** Information given follows **
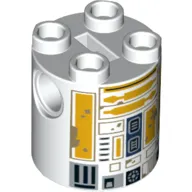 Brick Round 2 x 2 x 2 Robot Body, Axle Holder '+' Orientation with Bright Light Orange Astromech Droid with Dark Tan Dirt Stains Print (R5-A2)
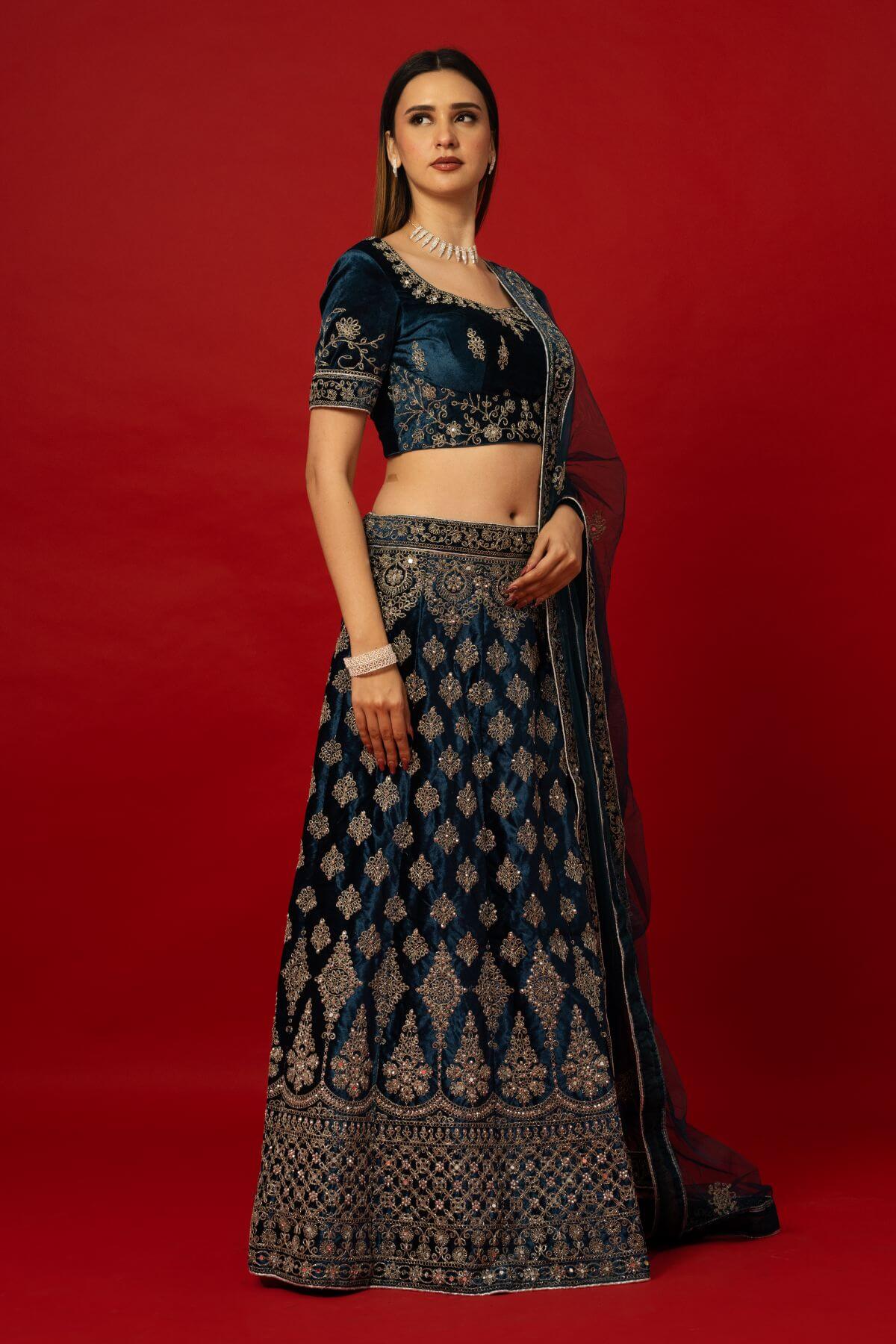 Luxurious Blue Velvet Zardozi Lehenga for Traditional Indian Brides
** End of Information given **
** Information given follows **
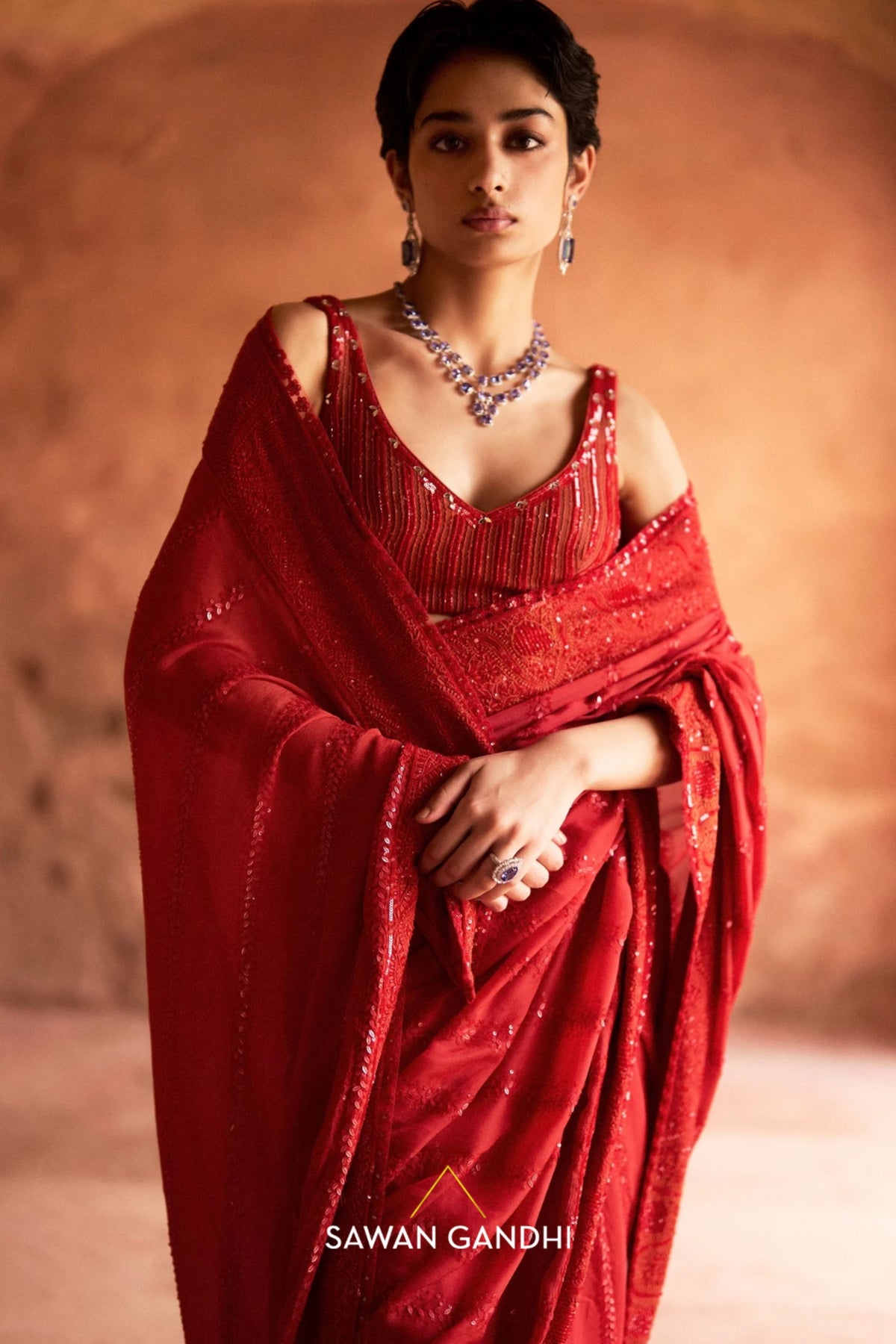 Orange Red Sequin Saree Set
** End of Information given **
- What needs to be done
Looking above, find the stretch of lines that opens with the one holding "Brick Round 2" and closes with the one holding "Luxurious Blue Velvet". Copy it exactly, pictures excluded.

- Your response
 Brick Round 2 x 2 x 2 Robot Body, Axle Holder '+' Orientation with Bright Light Orange Astromech Droid with Dark Tan Dirt Stains Print (R5-A2)
 Luxurious Blue Velvet Zardozi Lehenga for Traditional Indian Brides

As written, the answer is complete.